На подходе к дому Иван Егорыч сказал сыну:

— Я завтра в город с картошкой — есть договоренность насчет машины, а ты тут подомовничай денек-другой. — Он глянул вперед и крякнул: — Вон Александра бежит, обрадовалась, что приехали, будто умаялась.

Но соседка бежала с другим.

— Иван! — вытаращила она глазищи и схватилась за щеки. — Ведь у вас нынче воры были в дому! Прихожу утром…

Иван Егорыч нахмурился, отстранил соседку и прибавил шагу.

Замок был не тронут. На дворе висело кое-какое бельишко, оставленное на веревке, и, замерзшее, колотилось на ветру. Вошли в сени — ничего подозрительного. Отворили дверь в дом, и сразу понесло улицей. Иван Егорыч прошел к печке, и все стало ясно: оба стекла в летней и зимней раме были высажены. По огороду — от полевой стороны до окошка ломился кривой след по сугробам.

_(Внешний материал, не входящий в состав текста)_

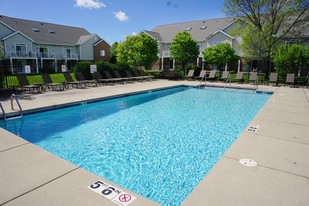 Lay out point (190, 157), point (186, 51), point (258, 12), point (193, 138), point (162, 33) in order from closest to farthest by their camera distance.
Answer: point (190, 157) → point (193, 138) → point (258, 12) → point (186, 51) → point (162, 33)

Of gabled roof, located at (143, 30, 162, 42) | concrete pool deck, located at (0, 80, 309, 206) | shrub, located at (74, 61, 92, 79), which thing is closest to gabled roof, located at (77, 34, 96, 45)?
gabled roof, located at (143, 30, 162, 42)

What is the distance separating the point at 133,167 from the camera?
4.36m

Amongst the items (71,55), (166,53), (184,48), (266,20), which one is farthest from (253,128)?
(71,55)

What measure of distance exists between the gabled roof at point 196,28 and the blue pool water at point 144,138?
23.7 m

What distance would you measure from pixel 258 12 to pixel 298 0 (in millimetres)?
3061

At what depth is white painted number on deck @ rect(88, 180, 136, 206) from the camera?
99.0 inches

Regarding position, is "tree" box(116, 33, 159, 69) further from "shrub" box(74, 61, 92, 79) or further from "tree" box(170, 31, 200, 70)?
"shrub" box(74, 61, 92, 79)

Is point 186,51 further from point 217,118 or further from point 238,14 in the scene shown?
point 217,118

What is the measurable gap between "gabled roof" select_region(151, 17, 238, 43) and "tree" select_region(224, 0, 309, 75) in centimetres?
1018

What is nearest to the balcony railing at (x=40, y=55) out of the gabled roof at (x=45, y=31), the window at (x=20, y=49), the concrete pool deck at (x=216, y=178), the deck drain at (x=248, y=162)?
the window at (x=20, y=49)

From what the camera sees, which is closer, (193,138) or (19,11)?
(193,138)

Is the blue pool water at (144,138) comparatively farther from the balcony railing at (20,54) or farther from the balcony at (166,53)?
the balcony at (166,53)

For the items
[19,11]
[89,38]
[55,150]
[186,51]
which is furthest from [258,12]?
[19,11]

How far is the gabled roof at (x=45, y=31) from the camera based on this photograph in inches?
1144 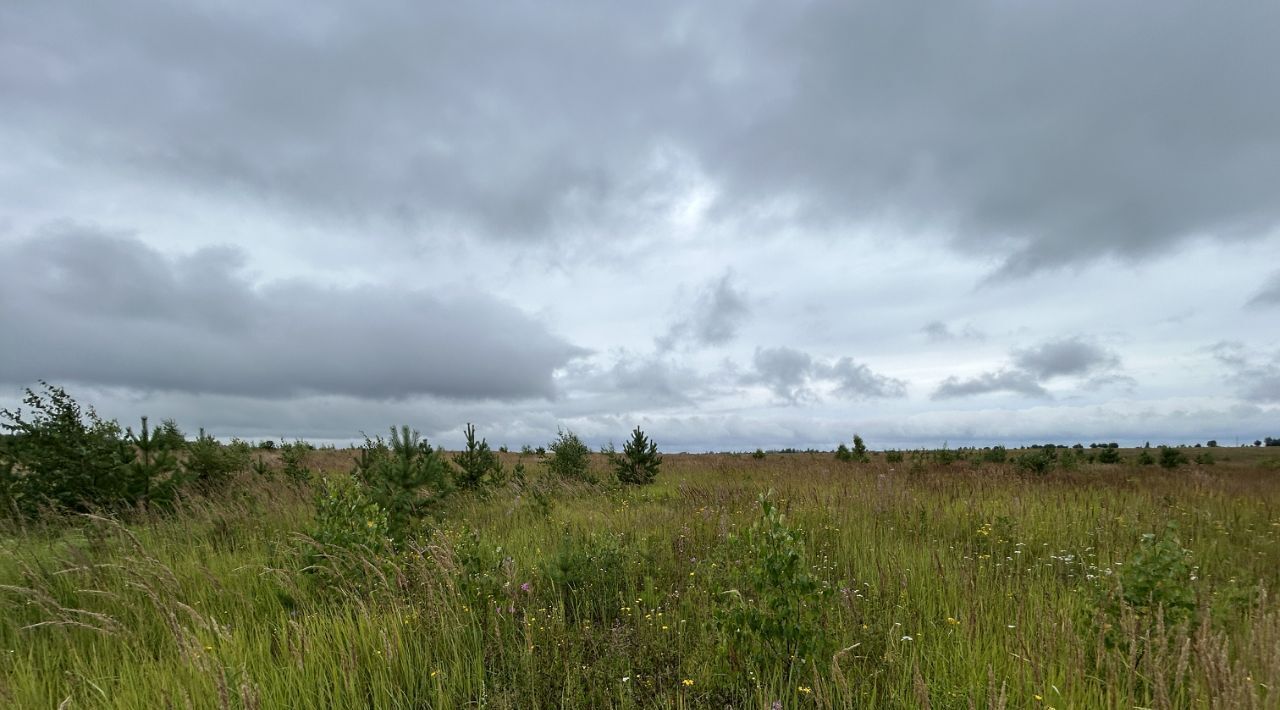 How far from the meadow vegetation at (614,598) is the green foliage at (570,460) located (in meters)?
6.77

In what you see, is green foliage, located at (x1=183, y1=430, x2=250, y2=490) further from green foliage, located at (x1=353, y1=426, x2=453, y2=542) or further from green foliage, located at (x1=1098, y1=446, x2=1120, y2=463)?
green foliage, located at (x1=1098, y1=446, x2=1120, y2=463)

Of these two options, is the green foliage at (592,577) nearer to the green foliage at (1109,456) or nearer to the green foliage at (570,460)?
the green foliage at (570,460)

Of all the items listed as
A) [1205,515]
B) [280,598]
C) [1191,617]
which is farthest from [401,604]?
[1205,515]

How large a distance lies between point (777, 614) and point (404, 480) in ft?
22.1

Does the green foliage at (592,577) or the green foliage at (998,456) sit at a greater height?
the green foliage at (592,577)

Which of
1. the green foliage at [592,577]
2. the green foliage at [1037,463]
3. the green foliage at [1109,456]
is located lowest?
the green foliage at [1109,456]

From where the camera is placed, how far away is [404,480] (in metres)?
8.47

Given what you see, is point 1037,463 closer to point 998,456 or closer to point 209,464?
point 998,456

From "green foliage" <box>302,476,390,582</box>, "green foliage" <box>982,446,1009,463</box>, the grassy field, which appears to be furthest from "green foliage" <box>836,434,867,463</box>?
"green foliage" <box>302,476,390,582</box>

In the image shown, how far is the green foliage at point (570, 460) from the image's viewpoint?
1775cm

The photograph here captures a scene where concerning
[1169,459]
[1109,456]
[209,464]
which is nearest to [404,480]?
[209,464]

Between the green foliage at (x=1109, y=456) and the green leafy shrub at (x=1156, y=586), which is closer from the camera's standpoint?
the green leafy shrub at (x=1156, y=586)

Всюду валялись стекла — на столе, на плите, хрустели на полу. Кухонный шкап был открыт. На полу, на радость мышам, валялись макароны, крупа, сухари. Пока ничего пропавшего не было. Он прошел за перегородку, перебрал одежду в шкапу — все на месте. Обошел весь дом и понемногу успокоился: унесли только бутылку водки. В голове никак не укладывалось, почему земля носит таких дураков — из-за бутылки водки вломиться в дом… Он стал задумчиво сметать стекла со стола на пол.

— Стой! — рявкнул Петька и оттолкнул батьку от стола, как от заминированного поля. — Ты с ума сошел!

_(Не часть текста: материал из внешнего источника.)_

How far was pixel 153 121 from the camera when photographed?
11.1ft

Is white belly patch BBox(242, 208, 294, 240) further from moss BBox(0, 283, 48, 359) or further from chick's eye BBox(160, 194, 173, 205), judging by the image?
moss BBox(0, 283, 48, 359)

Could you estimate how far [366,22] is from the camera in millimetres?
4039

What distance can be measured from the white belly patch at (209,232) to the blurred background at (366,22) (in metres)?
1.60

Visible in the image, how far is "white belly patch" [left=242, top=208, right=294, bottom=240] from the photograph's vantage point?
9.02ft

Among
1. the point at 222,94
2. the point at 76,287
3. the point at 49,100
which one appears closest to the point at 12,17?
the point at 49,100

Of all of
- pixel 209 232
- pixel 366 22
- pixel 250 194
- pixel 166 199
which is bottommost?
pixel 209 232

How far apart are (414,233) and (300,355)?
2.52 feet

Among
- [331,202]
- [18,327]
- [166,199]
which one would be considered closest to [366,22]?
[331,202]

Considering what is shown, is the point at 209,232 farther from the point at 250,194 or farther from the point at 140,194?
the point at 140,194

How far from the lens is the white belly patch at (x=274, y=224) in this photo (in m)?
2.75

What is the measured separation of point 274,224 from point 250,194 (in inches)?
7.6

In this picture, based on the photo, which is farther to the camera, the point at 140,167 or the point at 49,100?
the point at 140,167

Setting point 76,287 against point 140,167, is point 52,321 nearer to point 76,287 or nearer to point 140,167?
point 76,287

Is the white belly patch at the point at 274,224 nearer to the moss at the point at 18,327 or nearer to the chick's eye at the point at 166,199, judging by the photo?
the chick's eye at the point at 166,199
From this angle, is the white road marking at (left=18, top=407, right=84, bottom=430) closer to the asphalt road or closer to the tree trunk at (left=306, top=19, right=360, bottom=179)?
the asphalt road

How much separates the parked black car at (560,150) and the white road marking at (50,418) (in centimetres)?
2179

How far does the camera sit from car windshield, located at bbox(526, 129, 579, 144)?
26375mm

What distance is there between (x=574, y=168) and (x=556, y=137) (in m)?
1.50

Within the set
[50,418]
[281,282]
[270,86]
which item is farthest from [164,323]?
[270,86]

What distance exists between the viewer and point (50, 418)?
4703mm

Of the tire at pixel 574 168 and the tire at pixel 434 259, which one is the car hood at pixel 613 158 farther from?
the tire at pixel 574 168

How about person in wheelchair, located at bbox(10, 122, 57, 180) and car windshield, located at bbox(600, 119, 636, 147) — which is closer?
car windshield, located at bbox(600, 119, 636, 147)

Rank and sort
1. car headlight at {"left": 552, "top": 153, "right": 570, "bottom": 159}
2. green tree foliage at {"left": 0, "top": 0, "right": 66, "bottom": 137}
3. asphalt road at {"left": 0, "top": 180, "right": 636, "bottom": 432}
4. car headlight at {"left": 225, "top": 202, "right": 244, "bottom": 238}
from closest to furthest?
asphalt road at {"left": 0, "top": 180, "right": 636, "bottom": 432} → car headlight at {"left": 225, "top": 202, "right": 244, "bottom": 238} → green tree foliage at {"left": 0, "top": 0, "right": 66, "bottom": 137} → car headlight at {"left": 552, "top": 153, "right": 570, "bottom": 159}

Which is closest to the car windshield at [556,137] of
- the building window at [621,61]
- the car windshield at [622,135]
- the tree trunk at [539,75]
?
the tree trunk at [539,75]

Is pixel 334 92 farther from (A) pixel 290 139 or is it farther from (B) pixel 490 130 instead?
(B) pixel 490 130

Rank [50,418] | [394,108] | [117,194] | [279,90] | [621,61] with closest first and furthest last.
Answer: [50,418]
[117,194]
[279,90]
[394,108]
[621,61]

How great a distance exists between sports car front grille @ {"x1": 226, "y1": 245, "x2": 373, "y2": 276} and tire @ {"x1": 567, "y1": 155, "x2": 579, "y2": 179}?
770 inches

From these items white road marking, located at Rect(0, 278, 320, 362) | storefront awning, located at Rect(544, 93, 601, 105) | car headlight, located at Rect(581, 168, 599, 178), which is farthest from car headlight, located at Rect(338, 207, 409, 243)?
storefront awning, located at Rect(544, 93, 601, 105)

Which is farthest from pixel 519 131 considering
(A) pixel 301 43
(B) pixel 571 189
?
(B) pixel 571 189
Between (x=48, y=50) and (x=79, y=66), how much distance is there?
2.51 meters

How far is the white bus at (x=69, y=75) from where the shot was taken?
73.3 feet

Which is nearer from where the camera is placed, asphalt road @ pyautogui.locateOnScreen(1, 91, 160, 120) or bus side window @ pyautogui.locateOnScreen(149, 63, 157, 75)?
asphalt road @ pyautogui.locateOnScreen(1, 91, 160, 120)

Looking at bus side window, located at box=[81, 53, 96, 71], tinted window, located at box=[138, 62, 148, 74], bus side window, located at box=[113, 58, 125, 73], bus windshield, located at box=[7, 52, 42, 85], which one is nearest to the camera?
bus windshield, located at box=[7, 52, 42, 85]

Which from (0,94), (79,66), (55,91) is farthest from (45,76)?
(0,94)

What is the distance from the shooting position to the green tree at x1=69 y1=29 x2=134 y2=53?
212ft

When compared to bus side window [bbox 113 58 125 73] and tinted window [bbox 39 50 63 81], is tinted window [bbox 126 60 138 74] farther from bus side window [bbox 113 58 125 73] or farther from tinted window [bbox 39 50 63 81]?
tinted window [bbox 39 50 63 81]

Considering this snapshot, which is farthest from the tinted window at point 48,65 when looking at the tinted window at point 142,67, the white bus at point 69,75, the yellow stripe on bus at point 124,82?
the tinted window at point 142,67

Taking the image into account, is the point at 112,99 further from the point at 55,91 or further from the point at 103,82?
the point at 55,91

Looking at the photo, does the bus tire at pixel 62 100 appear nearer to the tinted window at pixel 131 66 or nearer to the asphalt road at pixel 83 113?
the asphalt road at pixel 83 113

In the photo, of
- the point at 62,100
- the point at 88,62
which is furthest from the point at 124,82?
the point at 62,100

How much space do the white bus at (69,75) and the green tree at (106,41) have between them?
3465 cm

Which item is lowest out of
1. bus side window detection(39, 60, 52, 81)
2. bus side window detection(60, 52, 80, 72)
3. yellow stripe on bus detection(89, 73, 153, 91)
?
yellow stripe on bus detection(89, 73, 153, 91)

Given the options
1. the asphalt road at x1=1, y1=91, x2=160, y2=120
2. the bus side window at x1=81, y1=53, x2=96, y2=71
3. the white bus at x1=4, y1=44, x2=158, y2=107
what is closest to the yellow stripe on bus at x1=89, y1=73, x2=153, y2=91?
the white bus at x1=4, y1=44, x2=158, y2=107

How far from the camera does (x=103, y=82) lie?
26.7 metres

— Чего такое? — растерялся отец.

— Следы сметаешь? Чего, чего…

И уже тише Петька проворчал что-то обидное, похожее на «неуча» или вроде этого.

— Ничего не трогай! — резко повернулся Петька, так, будто крикнул: «руки вверх!»

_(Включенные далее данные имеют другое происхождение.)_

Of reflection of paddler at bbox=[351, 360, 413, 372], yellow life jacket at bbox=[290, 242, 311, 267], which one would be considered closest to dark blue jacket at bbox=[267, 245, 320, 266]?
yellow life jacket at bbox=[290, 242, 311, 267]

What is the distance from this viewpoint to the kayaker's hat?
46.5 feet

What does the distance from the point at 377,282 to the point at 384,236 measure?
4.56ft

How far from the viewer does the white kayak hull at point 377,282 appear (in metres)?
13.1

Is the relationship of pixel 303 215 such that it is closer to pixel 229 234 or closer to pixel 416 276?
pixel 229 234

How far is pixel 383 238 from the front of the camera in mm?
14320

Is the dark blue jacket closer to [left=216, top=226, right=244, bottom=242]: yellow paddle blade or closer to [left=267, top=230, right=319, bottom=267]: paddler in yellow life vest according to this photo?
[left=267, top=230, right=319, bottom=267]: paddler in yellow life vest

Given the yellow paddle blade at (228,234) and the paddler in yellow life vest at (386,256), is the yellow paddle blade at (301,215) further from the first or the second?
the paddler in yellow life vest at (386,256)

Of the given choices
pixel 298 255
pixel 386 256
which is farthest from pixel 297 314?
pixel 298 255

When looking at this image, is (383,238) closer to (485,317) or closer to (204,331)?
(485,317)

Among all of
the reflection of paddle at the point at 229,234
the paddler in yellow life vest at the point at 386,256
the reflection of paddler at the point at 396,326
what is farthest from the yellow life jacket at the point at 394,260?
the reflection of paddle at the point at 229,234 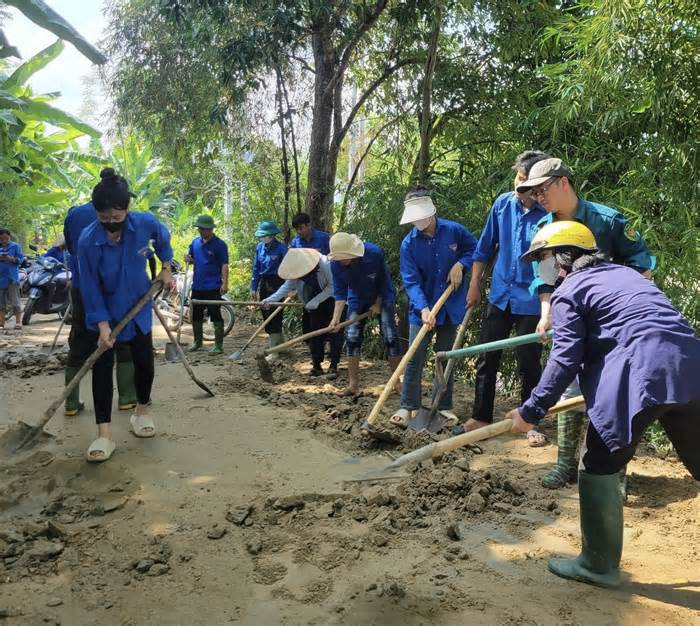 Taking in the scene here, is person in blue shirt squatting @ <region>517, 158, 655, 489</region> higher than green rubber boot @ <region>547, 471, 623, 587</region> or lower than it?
higher

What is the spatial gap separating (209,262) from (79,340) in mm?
3089

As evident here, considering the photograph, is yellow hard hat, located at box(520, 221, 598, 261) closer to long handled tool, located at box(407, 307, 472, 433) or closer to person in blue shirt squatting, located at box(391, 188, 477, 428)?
long handled tool, located at box(407, 307, 472, 433)

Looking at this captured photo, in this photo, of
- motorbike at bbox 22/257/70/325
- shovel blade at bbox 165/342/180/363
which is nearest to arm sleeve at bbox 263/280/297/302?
shovel blade at bbox 165/342/180/363

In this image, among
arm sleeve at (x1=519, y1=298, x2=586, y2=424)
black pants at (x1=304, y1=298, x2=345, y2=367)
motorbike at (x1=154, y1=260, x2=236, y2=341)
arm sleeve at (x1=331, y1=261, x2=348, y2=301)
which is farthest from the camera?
motorbike at (x1=154, y1=260, x2=236, y2=341)

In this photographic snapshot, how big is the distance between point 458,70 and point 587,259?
4.85 m

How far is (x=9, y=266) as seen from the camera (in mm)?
9977

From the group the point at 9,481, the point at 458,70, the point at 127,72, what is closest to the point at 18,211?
the point at 127,72

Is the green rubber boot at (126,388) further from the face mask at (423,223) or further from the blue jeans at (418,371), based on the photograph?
A: the face mask at (423,223)

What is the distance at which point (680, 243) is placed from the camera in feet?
12.8

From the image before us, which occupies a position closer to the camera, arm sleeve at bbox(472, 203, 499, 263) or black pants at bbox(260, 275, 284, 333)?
arm sleeve at bbox(472, 203, 499, 263)

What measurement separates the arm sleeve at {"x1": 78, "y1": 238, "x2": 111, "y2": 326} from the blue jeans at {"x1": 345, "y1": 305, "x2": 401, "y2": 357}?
2.35 metres

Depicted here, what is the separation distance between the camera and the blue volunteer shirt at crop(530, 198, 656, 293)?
3322 mm

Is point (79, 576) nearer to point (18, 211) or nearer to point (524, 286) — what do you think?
point (524, 286)

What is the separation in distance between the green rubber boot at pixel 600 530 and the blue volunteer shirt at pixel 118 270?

Он кинулся в правление вызывать следователя, а отец принес из сарая мешки, спустился в подвал и стал набирать картошку.

Слухи прошли, что у эстонцев нынче неурожай и картошка на рынке в хорошей цене.

* * *

Петька вернулся не скоро. Иван Егорыч уже набрал пять мешков картошки, средней, чистой, ходовой.

— Петька! Плиту затопи, картошки скотине надо варить!

— Нельзя тут топтаться! — с сердцем отозвался сын.

— Завертит-твою-в-дугу-деда-мать с твоим следователем! — выложился Иван Егорыч в подполье.

— Не матерись! — увещевал сын сверху. — Есть вареной полчугуна. И хлеб есть.

Иван Егорыч вылез. Сам приготовил пойло корове, надавил картошки курам. Понес.

— Хоть печку в той половине затопи, сдохнем, как тараканы в крещенье! — это крикнул уже от порога.

Петька затопил круглую печку в другой, чистой половине избы, а сам все посматривал на дорогу — не идет ли следователь.

— Жди его! Только ему и дела, что по нашим окошкам елозить! — съязвил Иван Егорыч. Он снова полез в подвал добирать картошку.

Следователь Дубинин нагрянул в деревню скоро. Это был уже не мальчишка — давно за тридцать. Держался с достоинством. Он, оказывается, уже зашел в главную службу деревенской информации — в магазин и узнал, что у Ашахминых всю ночь гудели городские гуляки, дружки. От медсестры узнал, что младшего Ашахмина порезали ножом. Несильно. Ни медсестре, ни следователю парень так и не сказал, кто порезал. Дубинин побился с ним и отстал. Он твердо решил, что этот парень — щуплый, в очках с сильными линзами — не мог вломиться в дом. Возможно, считал следователь, его и порезали за то, что он струсил и не пошел. Не перекрещивается ли тут одна из тропок, которая приведет к многочисленным дачным кражам? Этот вопрос заставил Дубинина отнестись к делу самым серьезным образом.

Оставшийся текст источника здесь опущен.